A short paper by Fontanelle et al. just appeared on one of the Brazilian species of this genus. “The taxonomical status of Megalobulimus toriii Morretes, 1937 from southeastern Brazil is reassessed herein. A large series of shells of M. toriii and M. yporanganus (Ihering & Pilsbry, 1901) were analysed for conchological features and measured for a principal component analysis. The material included recent shells and sub-fossil specimens (no living specimens or ethanol-preserved specimens could be procured). Megalobulimus toriii falls within the spectrum of morphological variation of M. yporanganus and is thus considered its synonym. Megalobulimus yporanganus was originally described from the Ribeira Valley in São Paulo state and its present distribution includes only other localities in this valley. However, the species is also known from Holocene archaeological contexts (shell mounds) and karst outcrops, with the oldest records dating from circa 10,800–9,200 YBP. Its past distribution extended southwards to the coast of Santa Catarina state”.
Fontanelle, J.H. et al., 2019. Taxonomic reassessment of Megalobulimus toriii (Gastropoda, Strophocheilidae). – Journal of Conchology, 43 (3): 313-320.
More and more institutions are making their holdings of type material available, either through publications or on the web.

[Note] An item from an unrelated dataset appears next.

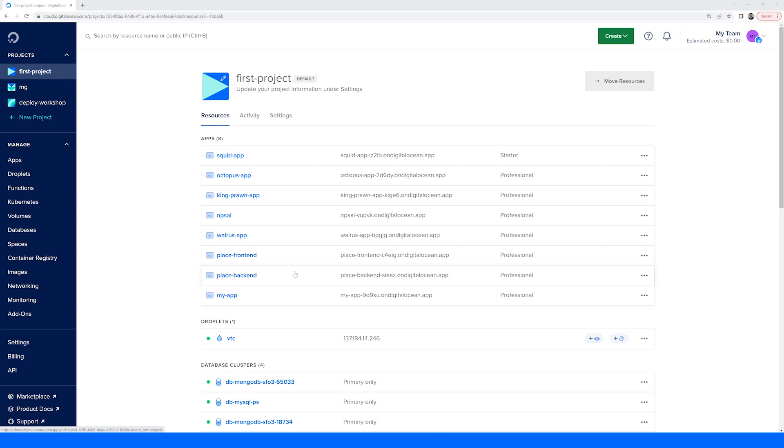We'll dive deeper into managing various resources in a later video, but I hope this introduction has helped you become a bit more familiar with navigating around your DigitalOcean dashboard.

This is very useful as it greatly helps researchers to find the original material which may be needed for comparison.
Hernández Q. et al. have recently made an addition. “We present the first list of holotypes of terrestrial molluscs housed in the collection of the Institute of Ecology and Systematics, Cuba. The majority of holotype specimens come from collections belonging to Miguel L. Jaume, Oscar L. Alcalde, Alfredo de la Torre and Raúl P. Guitar. The type material of the collection has 66 taxa including species and subspecies. The genera represented in this type collection are Liguus, Farcimen, Cerion, Cryptelasmus, Idiostemma, Cubadamsiella and Opisthosiphon”.
Although it is unfortunate that no pictures of these holotypes are included, which would eliminate the need for (possibly difficult) inquiries, the listing may be applauded as a first step.
Hernández Q., M, et al., 2018. Catalogue of holotypes of terrestrial molluscs (Mollusca, Gastropoda) of the Institute of Ecology and Systematics, Havana, Cuba. – Poeyana, 507: 44-49.
Several snake species are known to prey on molluscs, and in the Neotropics some examples are already known; e.g., in the recent book on Belizan land snails by Dourson et al. pictures are given of Sibon species consuming a Drymaeus.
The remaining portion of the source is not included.